Warnung eines befreundeten Unternehmens an seine Mitarbeiter:


> ...derzeit beobachten wir Anrufe aus Italien, vor allem auf den Mobiltelefonen. Es wird mehrfach kurz angerufen, man lässt es 2 bis 3 mal läuten - dann wird aufgehängt.
> Es wurde bekannt, dass man bei einem Rückruf auf ein italienisch-sprachiges Info-Band gelangt. Dieser Anruf wird von einer obskuren italienischen Firma anschließend mit 39,50 Euro auf der Telefonrechnung belastet. Diesen Betrag zurückzufordern ist nahezu unmöglich, da eine Reihe von „seriösen“ Inkassogesellschaften zwischengeschaltet wurden – angefangen mit dem jeweils genutzten Telefonanbieter.
> 
> Daher hier der Rat: niemals eine unbekannte Telefonnummer zurückrufen, insbesondere dann, wenn sie offensichtlich aus dem Ausland kommt!
> ...


Deshalb wird sie immer wichtiger: *Die Drittanbietersperre!*


----------



## Teleton (16 Januar 2013)

Klingt für mich wie ein Hoax. Hat das schon mal jemand auf der Rechnung gesehen? Welche "seriöse Inkassogesellschaft" (haha) soll denn da zwischengeschaltet sein? Sind das nicht eher Anrufe dieser olivenölverkaufenden Telefonspammer aus Tirol?


----------



## Nicko1998 (16 Januar 2013)

War mir auch neu. Aber man wird sehen, welche Meldungen dazu in Foren/Blogs auftauchen.

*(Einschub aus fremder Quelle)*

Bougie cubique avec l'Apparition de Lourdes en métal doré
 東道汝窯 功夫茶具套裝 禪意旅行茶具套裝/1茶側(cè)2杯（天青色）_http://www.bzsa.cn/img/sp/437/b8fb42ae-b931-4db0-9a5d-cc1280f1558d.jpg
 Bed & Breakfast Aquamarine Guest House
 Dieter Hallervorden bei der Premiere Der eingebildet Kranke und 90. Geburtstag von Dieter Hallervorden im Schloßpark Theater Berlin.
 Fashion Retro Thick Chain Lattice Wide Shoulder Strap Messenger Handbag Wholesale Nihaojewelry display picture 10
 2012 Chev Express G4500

Tante Google weiss folgendes: http://www.google.de/search?q=+390813816061 +390355099785 +390813289783 +390492109701 +390104211240 +390689496000 +390118316066&ie=UTF-8
Stammt aber vom Januar 2011, dürfte also bereits etwas älter sein! Es ist von italienischen Lebensmitteln die Rede. San Lorenzo? Die gingen mir auch bereits mehrfach auf die Nerven.  Aber Belastungen hatte ich noch keine auf der Tel.Rechnung.


----------



## Teleton (16 Januar 2013)

Ich bin mutiger als die Mettwürste vom Dschungelcamp!


> +390813816061


*wähl*

Ist ständig besetzt.


----------